On Saturday, William, Wendy, Payson, and I visited Queen Elizabeth Park, bordered on the north by the Rwenzori (Rw as in Rwanda-en-zoree) Mountains (also called the Mountains of the Moon) and on the west by Lake Edward (its outflow is ultimately a tributary of the Nile) that is shared with the Democratic Republic of the Congo. The park contains Lake George, which flows into Lake Edward through the Kazinga Channel. The many bodies of water encourage the varied species of animals and particularly birds that are found in the park, and the number one tourist activity is to take a cruise on the Kazinga Channel to see the wildlife.

On our cruise, we saw the expected crocodiles and hippos, as well as lots of buffalo and a few elephants. However, the more interesting aspect was the bird life. Queen Elizabeth Park is purportedly home to six hundred species of birds, and we saw many of the most interesting ones. We had seen the majestic fish eagles and giant goliath herons before, but here we saw many new species including the wonderfully colored saddlebilled stork. This tall elegant bird, with its primarily black and white coloring, is initially reminiscent of a conservative waiter in a tuxedo, but the bright red and yellow highlights on its beak quickly establish it as a rakish dandy.

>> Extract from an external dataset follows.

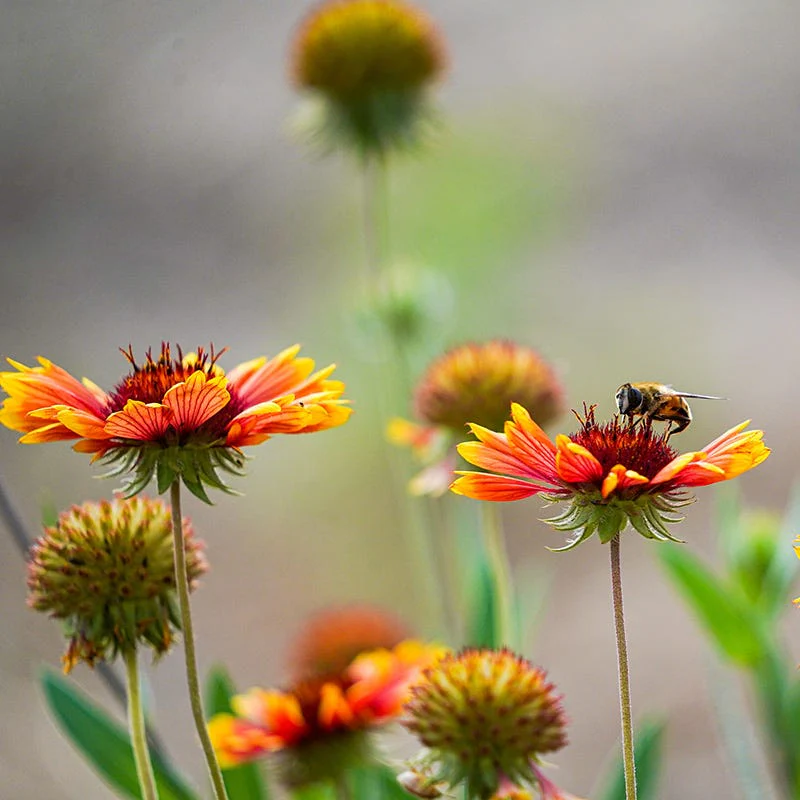Native Bee Banquet Wildflower Seed Mix - Image 5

As we cruised the Kazinga Channel, our guide pointed out the small fishing village where he grew up, which is still allowed to remain within the park’s boundaries. He also recounted several stories that highlighted the unique dangers of living in rural Africa. The most memorable was from his early teen years when he and two friends were walking home one night after playing games at another friend’s home. A lion had come into their village and was watching in the dark as the three boys approached. Our guide and one friend walked by the lion, but the lion attacked their other friend. The first two boys ran and escaped, but in the morning, the villagers found remains of the other boy’s clothes and skeleton. Several other people in the village had been killed by lions in the intervening years. As if to drive the point home about the unique dangers of living in rural Africa, that evening we heard that earlier in the day a speeding bus on the nearby highway had hit a wandering hippopotamus. Several passengers on the bus, along with the hippo, had been killed. At times it was easy to get comfortable and complacent about living in Africa, like being a tourist and only experiencing the interesting highlights. But then, a story like these would wake us up and remind us how different our life was from those around us.